Assignment:
In this exercise, write out the data word for word and leave every image out.

(Records from a data source)
********************

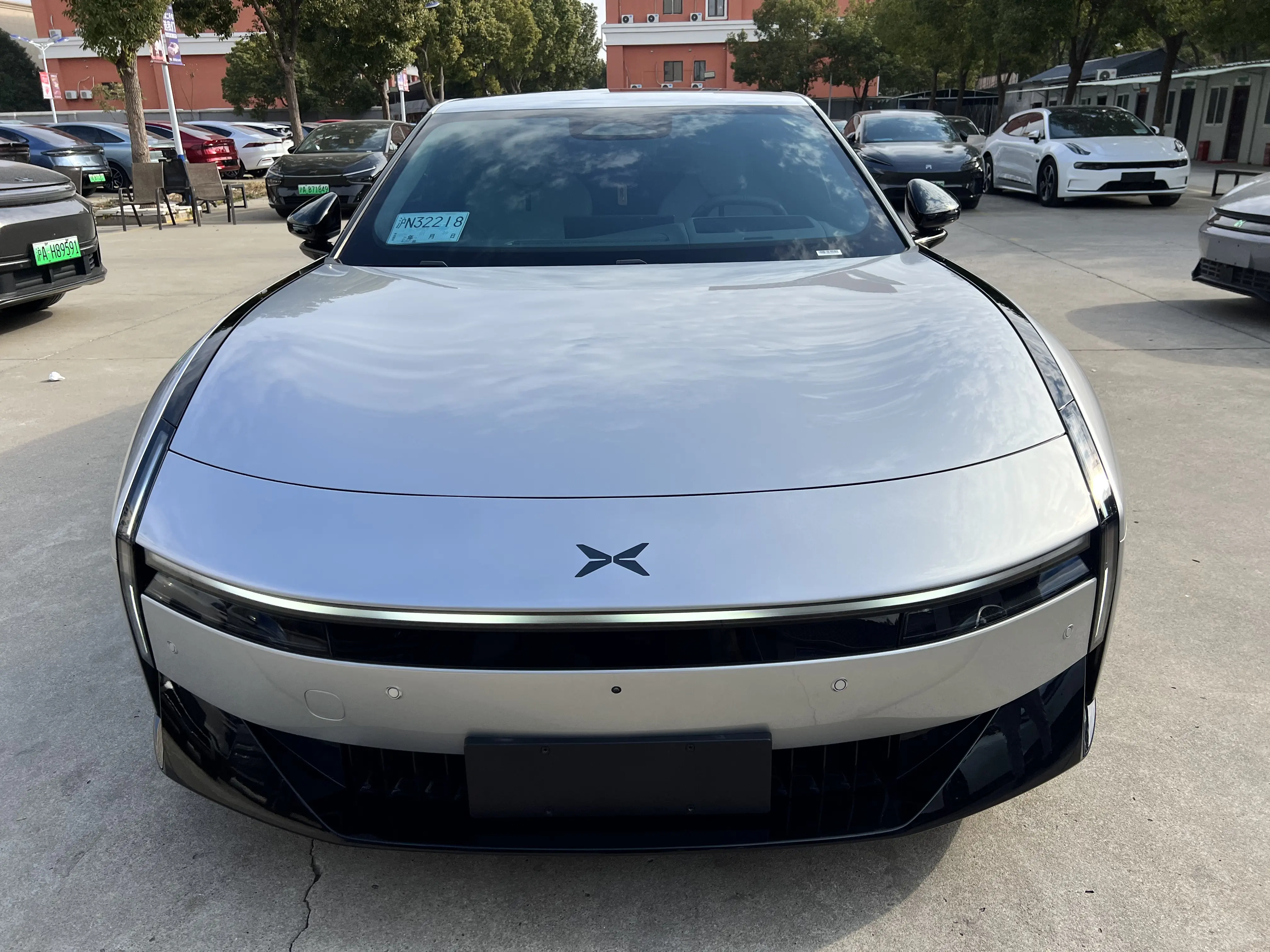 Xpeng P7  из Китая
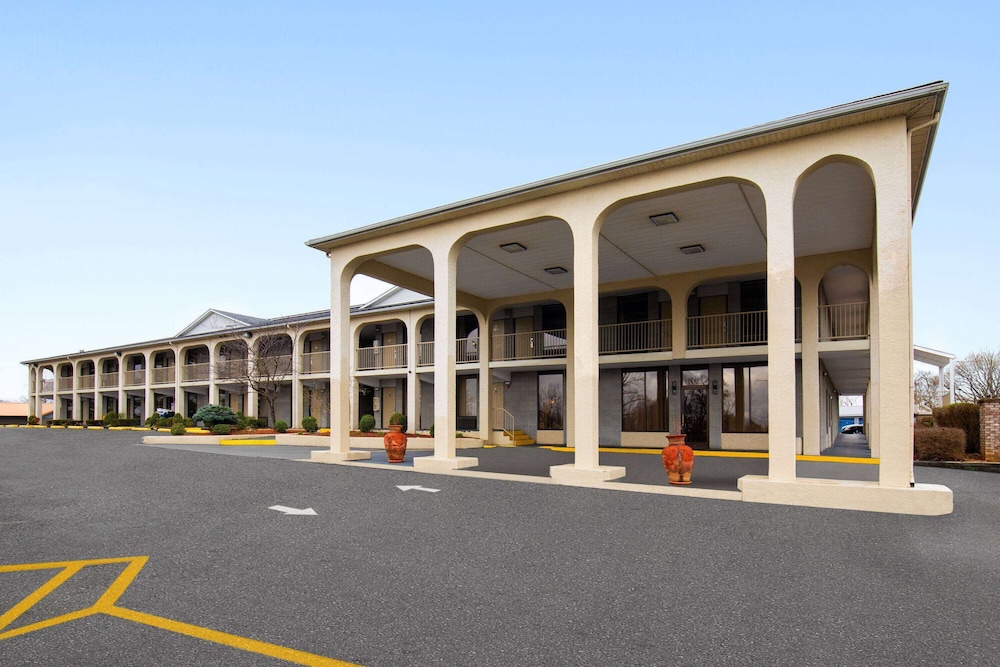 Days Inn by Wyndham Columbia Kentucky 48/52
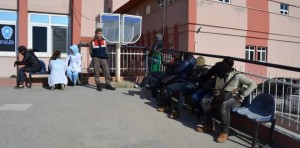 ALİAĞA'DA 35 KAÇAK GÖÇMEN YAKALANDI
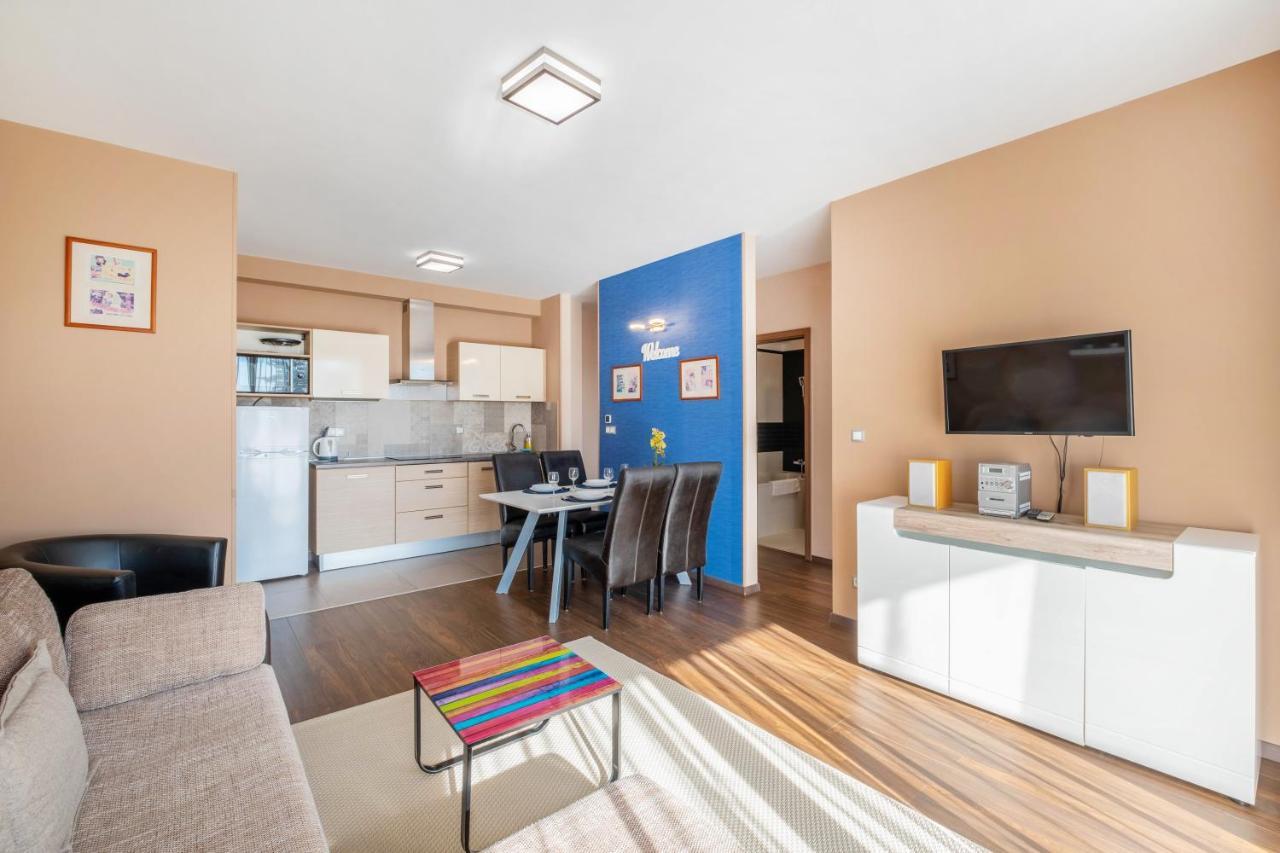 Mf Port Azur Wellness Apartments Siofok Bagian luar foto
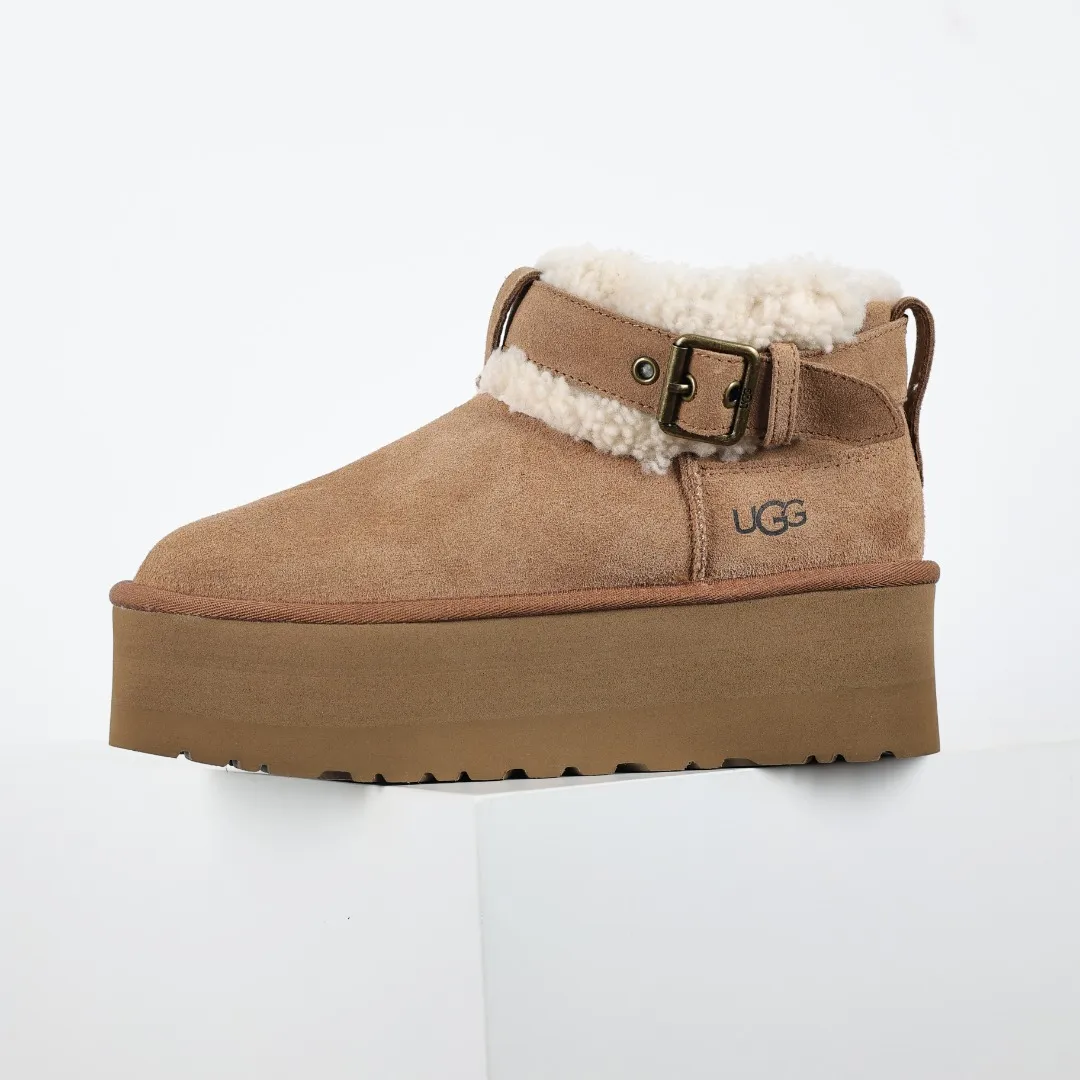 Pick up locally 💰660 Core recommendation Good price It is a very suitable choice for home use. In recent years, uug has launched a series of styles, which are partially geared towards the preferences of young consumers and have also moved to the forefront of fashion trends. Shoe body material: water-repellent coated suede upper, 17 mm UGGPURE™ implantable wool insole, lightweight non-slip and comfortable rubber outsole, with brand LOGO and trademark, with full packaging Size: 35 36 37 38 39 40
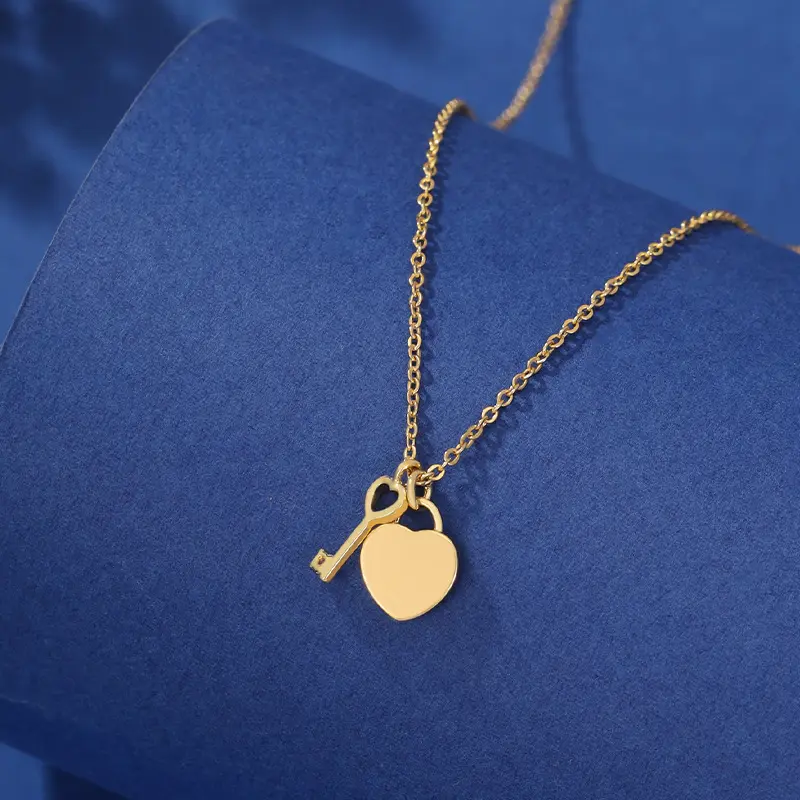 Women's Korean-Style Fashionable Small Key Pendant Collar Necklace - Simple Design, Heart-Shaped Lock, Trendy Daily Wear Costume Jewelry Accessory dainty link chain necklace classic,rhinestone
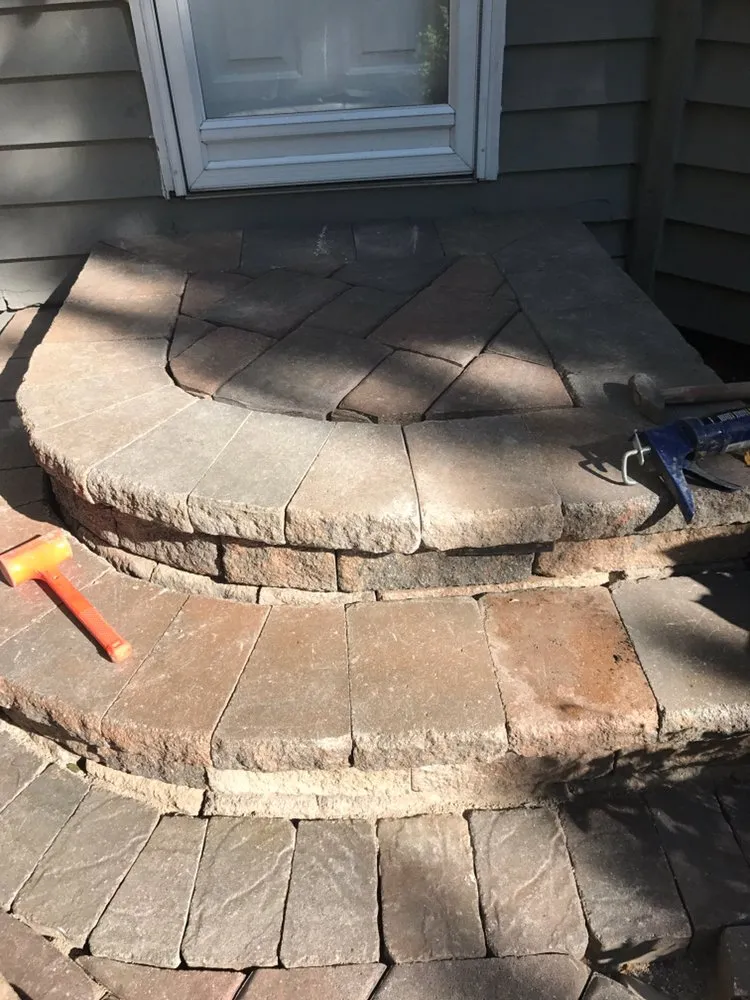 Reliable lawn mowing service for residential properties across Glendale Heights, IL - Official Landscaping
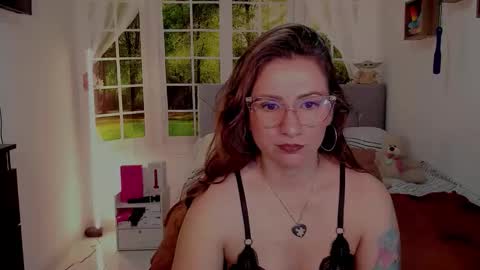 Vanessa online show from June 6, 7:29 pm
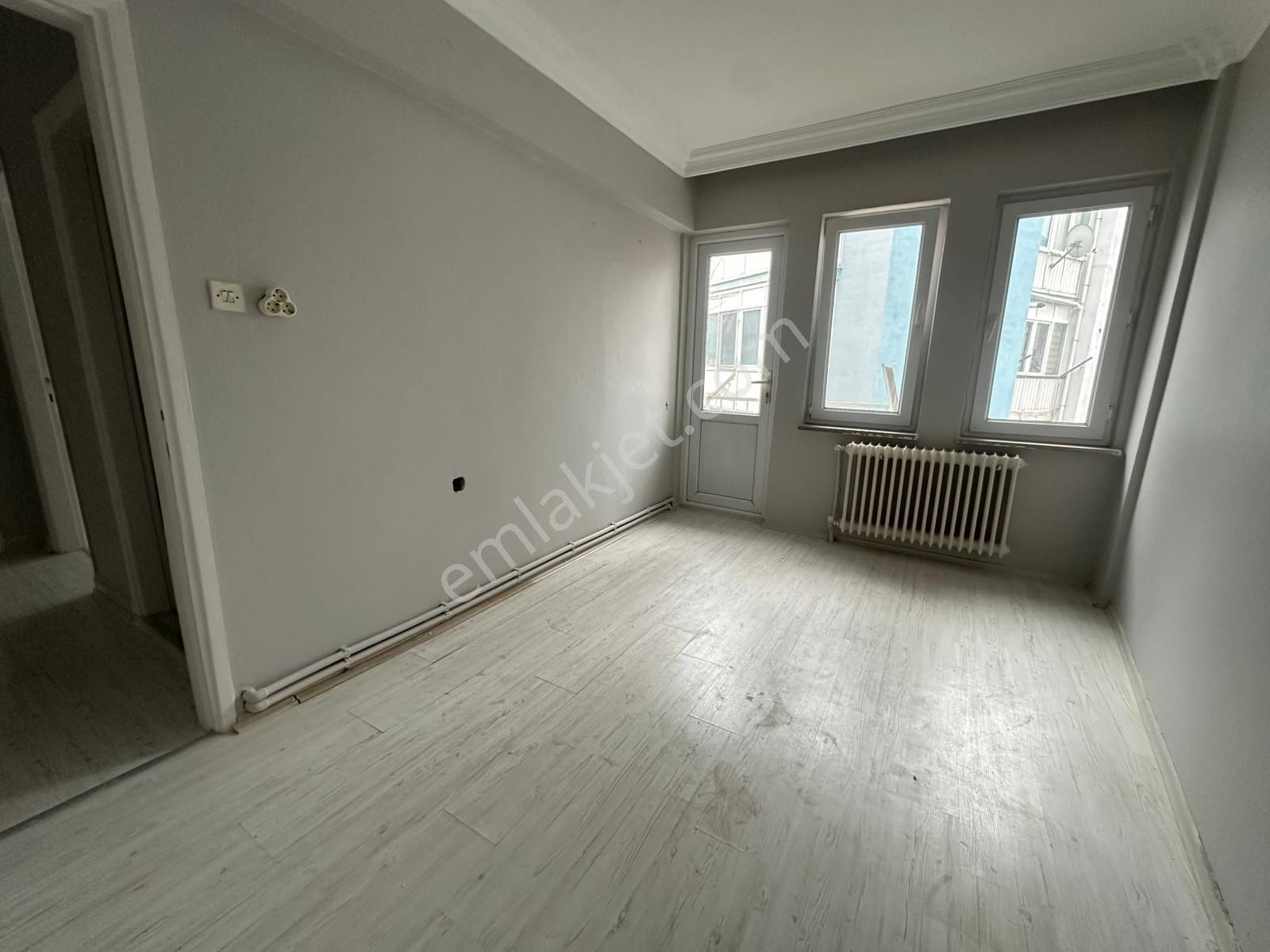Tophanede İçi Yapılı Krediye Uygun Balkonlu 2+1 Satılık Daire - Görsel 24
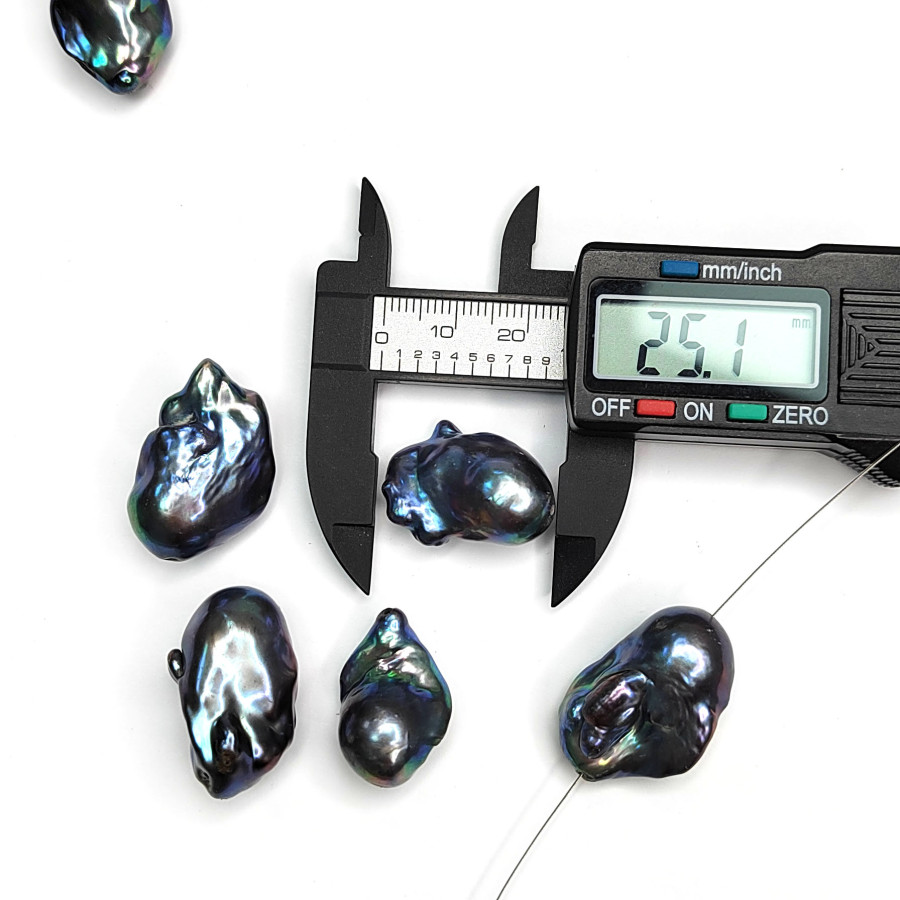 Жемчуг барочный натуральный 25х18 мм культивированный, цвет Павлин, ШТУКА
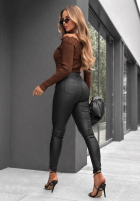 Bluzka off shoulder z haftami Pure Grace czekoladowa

********************

Exercise output:
 Xpeng P7  из Китая
 Days Inn by Wyndham Columbia Kentucky 48/52
 ALİAĞA'DA 35 KAÇAK GÖÇMEN YAKALANDI
 Mf Port Azur Wellness Apartments Siofok Bagian luar foto
 Pick up locally 💰660 Core recommendation Good price It is a very suitable choice for home use. In recent years, uug has launched a series of styles, which are partially geared towards the preferences of young consumers and have also moved to the forefront of fashion trends. Shoe body material: water-repellent coated suede upper, 17 mm UGGPURE™ implantable wool insole, lightweight non-slip and comfortable rubber outsole, with brand LOGO and trademark, with full packaging Size: 35 36 37 38 39 40
 Women's Korean-Style Fashionable Small Key Pendant Collar Necklace - Simple Design, Heart-Shaped Lock, Trendy Daily Wear Costume Jewelry Accessory dainty link chain necklace classic,rhinestone
 Reliable lawn mowing service for residential properties across Glendale Heights, IL - Official Landscaping
 Vanessa online show from June 6, 7:29 pm
Tophanede İçi Yapılı Krediye Uygun Balkonlu 2+1 Satılık Daire - Görsel 24
 Жемчуг барочный натуральный 25х18 мм культивированный, цвет Павлин, ШТУКА
 Bluzka off shoulder z haftami Pure Grace czekoladowa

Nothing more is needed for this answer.